Das Konzept der grafischen Benutzeroberfläche reicht bis in die frühen 1960er Jahre zurück, mit Ivan Sutherland und seinem Sketchpad, gefolgt von Douglas Engelbarts „Die Mutter aller Demos“ (dem Erfinder der Maus) und den Bemühungen von Xerox PARC in den 1970ern. Die breite Öffentlichkeit musste jedoch bis in die 1980er Jahre warten, um die Vorteile grafischer Oberflächen zu erleben, die zugleich ein neues Element einführten: das Icon. Nach 40 Jahren wurden Icons vielfach verändert und neu gestaltet, und heute können wir diesen Weg von Anfang bis heute nachvollziehen.

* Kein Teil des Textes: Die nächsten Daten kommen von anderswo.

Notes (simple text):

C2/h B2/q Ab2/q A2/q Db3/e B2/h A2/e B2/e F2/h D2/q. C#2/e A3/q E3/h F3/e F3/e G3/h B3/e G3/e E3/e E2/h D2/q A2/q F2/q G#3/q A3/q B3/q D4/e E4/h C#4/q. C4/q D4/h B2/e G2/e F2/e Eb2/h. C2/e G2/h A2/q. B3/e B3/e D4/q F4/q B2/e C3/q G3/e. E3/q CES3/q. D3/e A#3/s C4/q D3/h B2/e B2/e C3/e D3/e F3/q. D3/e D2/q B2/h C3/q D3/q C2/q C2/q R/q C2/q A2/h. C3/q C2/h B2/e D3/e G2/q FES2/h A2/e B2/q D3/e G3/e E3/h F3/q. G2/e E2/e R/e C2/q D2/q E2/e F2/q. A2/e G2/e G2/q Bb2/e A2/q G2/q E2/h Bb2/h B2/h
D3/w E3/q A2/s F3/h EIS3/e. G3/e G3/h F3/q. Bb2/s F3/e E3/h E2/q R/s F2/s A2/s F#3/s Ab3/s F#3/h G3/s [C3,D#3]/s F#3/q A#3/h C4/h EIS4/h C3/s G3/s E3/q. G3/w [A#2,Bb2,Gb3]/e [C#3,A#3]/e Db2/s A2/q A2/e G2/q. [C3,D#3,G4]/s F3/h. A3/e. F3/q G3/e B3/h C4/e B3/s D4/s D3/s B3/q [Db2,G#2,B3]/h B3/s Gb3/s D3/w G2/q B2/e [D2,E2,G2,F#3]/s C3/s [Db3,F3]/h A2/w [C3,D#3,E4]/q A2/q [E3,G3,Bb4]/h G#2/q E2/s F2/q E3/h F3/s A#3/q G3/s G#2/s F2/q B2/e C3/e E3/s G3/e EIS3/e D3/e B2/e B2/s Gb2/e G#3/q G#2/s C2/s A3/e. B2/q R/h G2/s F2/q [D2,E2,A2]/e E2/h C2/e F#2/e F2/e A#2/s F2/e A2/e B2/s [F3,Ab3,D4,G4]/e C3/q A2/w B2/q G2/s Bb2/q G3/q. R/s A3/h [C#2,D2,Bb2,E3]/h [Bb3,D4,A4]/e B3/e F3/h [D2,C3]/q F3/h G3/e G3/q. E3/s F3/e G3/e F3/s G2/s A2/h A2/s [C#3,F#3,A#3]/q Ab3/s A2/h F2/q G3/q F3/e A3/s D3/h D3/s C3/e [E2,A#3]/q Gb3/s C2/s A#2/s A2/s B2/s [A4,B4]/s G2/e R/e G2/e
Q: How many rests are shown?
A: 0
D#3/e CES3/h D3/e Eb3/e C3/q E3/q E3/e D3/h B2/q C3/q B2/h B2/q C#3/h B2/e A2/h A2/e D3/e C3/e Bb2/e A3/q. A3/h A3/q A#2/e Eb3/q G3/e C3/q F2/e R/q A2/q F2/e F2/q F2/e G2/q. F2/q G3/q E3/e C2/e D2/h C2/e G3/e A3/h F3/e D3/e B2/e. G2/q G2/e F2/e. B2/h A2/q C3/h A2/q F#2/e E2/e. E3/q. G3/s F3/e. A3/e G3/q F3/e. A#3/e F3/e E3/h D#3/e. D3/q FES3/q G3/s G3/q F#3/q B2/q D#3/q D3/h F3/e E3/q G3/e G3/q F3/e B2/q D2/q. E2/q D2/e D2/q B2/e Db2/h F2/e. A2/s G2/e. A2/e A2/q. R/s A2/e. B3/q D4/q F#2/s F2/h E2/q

Anfangs gab es nicht viel zu arbeiten. Nur ein schwarzer Bildschirm mit blinkendem Cursor, und alle Befehle wurden von Hand eingegeben. Jahre lang funktionierte diese Mechanik recht gut, aber der evolutionäre Sprung war unvermeidlich. Computer gewannen an Leistung, Audiosystemen und vor allem an Grafikfähigkeit. Damit verloren schwarze Bildschirme und Cursor an Bedeutung. Die Ära der Oberflächen und Icons hatte begonnen.

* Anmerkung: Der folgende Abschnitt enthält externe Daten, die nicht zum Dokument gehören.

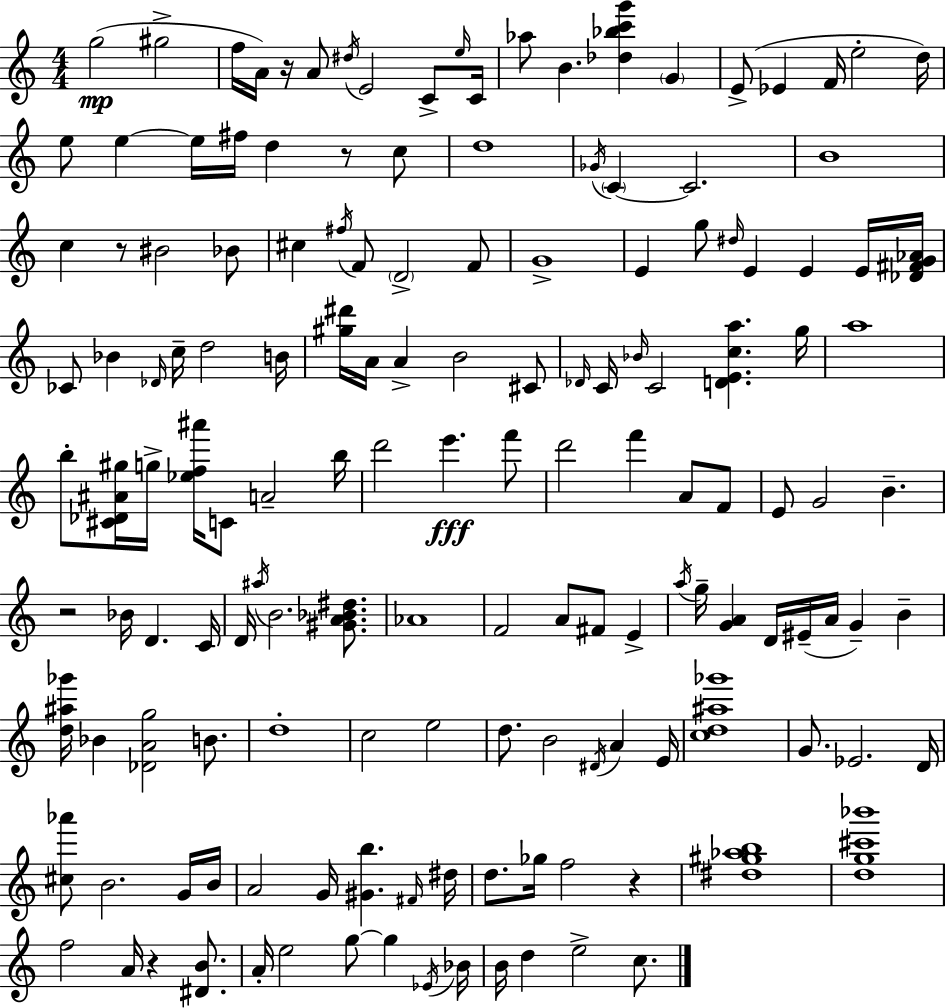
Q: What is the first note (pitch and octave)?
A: G5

Der Xerox Star und die Geburt des Icons
Das Portal History of Icons leistet hervorragende Arbeit, indem es die wichtigsten Momente in der Geschichte der Icons präsentiert. Es reicht bis April 1981 zurück, mit der Einführung des Xerox 8010 Information Systems (besser bekannt als Xerox Star). David Canfield Smith, Mathematiker und einer der Hauptdesigner von Star, erfand sowohl die Icons als auch das Konzept des Desktops, das wiederum von der Interpretation „Daten als Objekte“ abhing. Der Xerox Star war seiner Zeit voraus, was sich in seinem Preis widerspiegelte (46.000 Dollar inflationsbereinigt).

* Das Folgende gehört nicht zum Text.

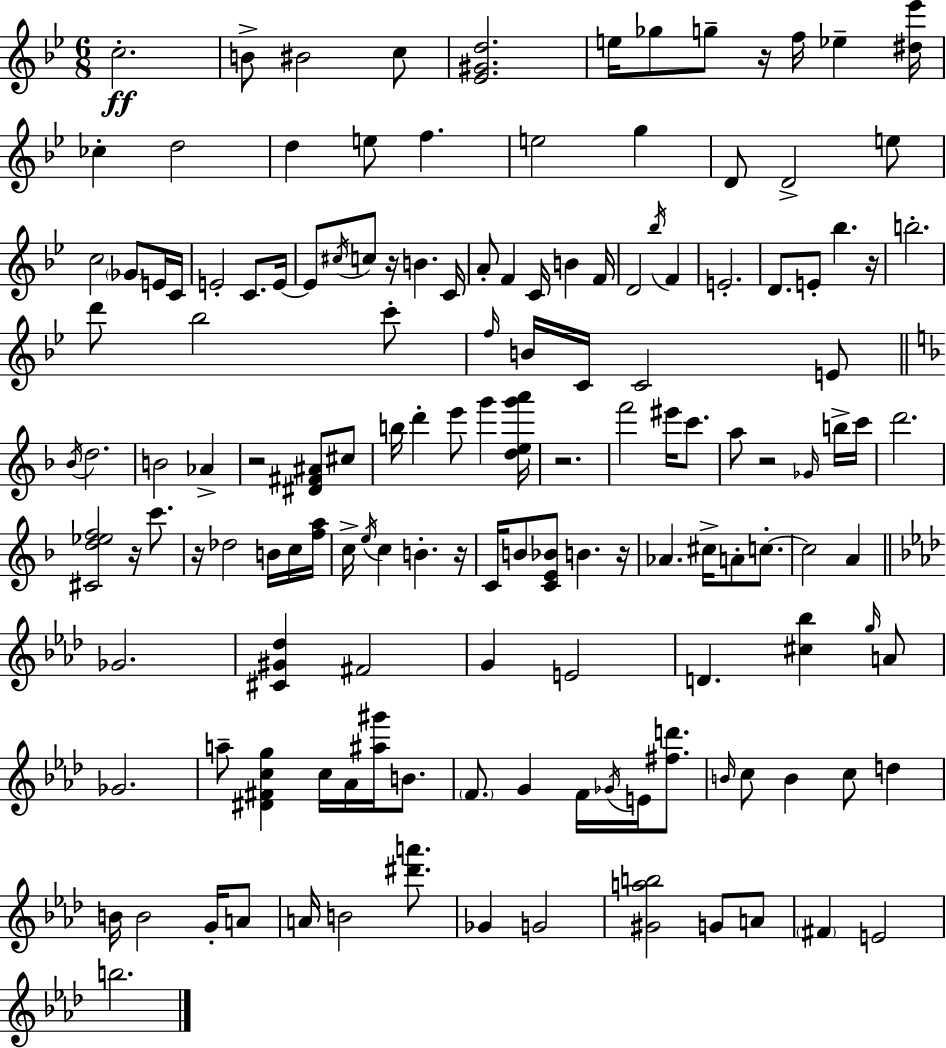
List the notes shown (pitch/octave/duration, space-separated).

Apple und die Macintosh-Revolution
1983 und 1984 gehören vollständig Apple, unter der eisernen Hand von Steve Jobs. Der Apple Lisa, ein technisches Wunderwerk, wurde zum kommerziellen Misserfolg und hatte hundert Personen im Designteam, aber das ideale Gleichgewicht zwischen Kunst und Informatik kam mit dem Macintosh und dem außergewöhnlichen Talent von Susan Kare. Durch ihre Designs verlor der typische Computer der 80er Jahre sein einschüchterndes Profil und definierte eine neue „Qualitätsbasis“ für die gesamte Branche.
Die PCs holen auf
1985 war das Jahr des ersten Windows – und es zeigte im Grunde, dass PCs in Sachen Icons noch viel Arbeit vor sich hatten. Das Atari TOS (das „Tramiel Operating System“ im Atari ST) führte jedoch das Konzept der Dreidimensionalität bei Icons ein und nutzte dabei den neuen Überfluss des Desktops, während der Commodore Amiga noch einen Schritt weiter ging und die Bearbeitung und individuelle Gestaltung von Icons ermöglichte. Es folgten die Einführung von Farbe, die ultra-detaillierten Icons von NextSTEP (mit Jobs und Susan Kare), Windows 3.0 im Jahr 1990 mit einigen gelernten Lektionen (wieder Susan Kare), die intensiven Farben von GEOS und BeOS (von dem wir bereits gesprochen haben), die Transparenzebenen, die Vergrößerung der Icons, der Semi-Realismus und eine drastische Rückkehr zu einfachen, zweidimensionalen Designs. Natürlich ist die visuelle Geschichte der Icons noch lange nicht zu Ende, aber wenn Sie Designer sind oder etwas Inspiration für Ihr eigenes Icon-Set benötigen, sollten Sie dieses Portal nicht ignorieren.